Ryan Mason will be in charge for the time being and having played for Spurs alongside the likes of Dele Alli and Gareth Bale, the sensible way for him to get the fans quickly onside would be to get that pair back in the team. Southampton are close to the ideal opponents for a first game in charge – they look knackered, short of ideas and are very much there for the taking. So take them.
Manager to watch – Sam Allardyce
If only Mourinho had taken a leaf out of Big Sam’s book. That’s right – he’s let West Brom off the leash and they’re frollicking with tongues lolling and tails wagging. They were a pure delight to watch in their dismantling of Chelsea and Southampton. Whether the Baggies now stay up or go down, whether Allardyce stays or goes, their time together will be remembered fondly – or at least not disdainfully – by all involved.
Their opponents on Thursday, Leicester, may have secured their place in the FA Cup final but are looking to arrest a familiar slide from the top four. Allardyce will fancy his chances.
Player to watch – Timo Werner
‘Flop’ is a term used frequently in footballing circles – particularly by those looking to appeal to the Google Gods, for whom its brevity is a definite plus point. It would be ‘Chelsea flop’ over ‘Chelsea player who has failed to live up to his lofty reputation’ – though the former feels far more cruel and permanent.
But what constitutes a ‘flop’? Classification seems to be based on a combination of time and performance, with the split between the two contributing factors the variable in each specific case. For example, a player who’s been really, really sh*t could be deemed a flop in a much shorter time frame than someone who’s been just a bit sh*t, who would have to wait for their label.
Our very own Joe Williams called it last week. Timo’s joined the Chelsea striker ‘flop’ brigade – a far from exclusive club.
It’s an understandable call, Joe. Bought to score goals (we assume) he’s managed just ten after 34 for RB Leipzig last season, he’s missed too many chances and does seem to spend quite a lot of a game either not doing what he’s supposed to be doing or not understanding what he’s supposed to be doing; we suspect the latter.

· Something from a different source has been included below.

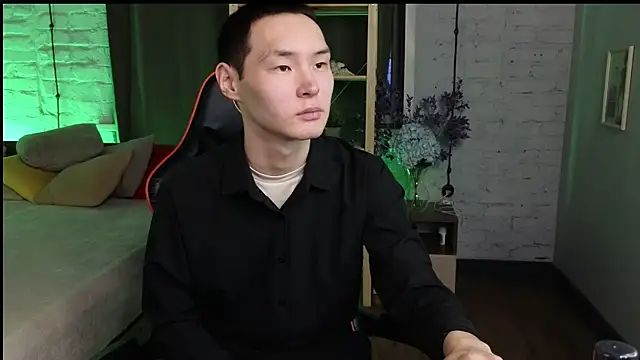 M Jasper online show from 01/15/25, 12:47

But while goals have been harder to come by than expected, 22 goal contributions from 37 starts isn’t bad going and he’s fourth among Premier League players for assists in all competitions, behind Harry Kane, Son Heung-min, Bruno Fernandes and Marcus Rashford.
Should he start against Brighton on Tuesday – and Thomas Tuchel’s team selection is getting harder and harder to predict – Werner will frustrate and he will run very fast. Those are the only guarantees, rather than the goals Chelsea assumed they were buying. But a ‘flop’? Hmmm… one of the less floppy flops, for sure.
Football League game to watch – Norwich v Watford
There will be some difficult conversations to come for Norwich despite their very impressive return to the Premier League. The ease of their promotion will only step up the interest from suitors in the likes of Emiliano Buendia, Todd Cantwell and Max Aarons.
Should they manage to hold on to that trio and add rather than replace this summer, we should see them make a far better fist of survival next season.
Their opponents on Tuesday and fellow potential yoyo artists, Watford, are currently six points clear of Swansea in third and will be hoping the Norwich players’ socially distanced six-person celebration barbecues, that presumably contributed to their defeat to Bournemouth last time out, have continued into this week.
European game to watch – Juventus v Parma
Andrea Agnelli’s Juventus losing to Atalanta in the wake of the European Super League announcement was very tasty. Losing again to Parma on Wednesday, dropping out of the Champions League qualification places and ultimately failing to qualify for the first time in a decade would be sweet, sweet justice.
Not good enough to be in the Champions League, even if you wanted to be, Andrea. You abominable arsehole.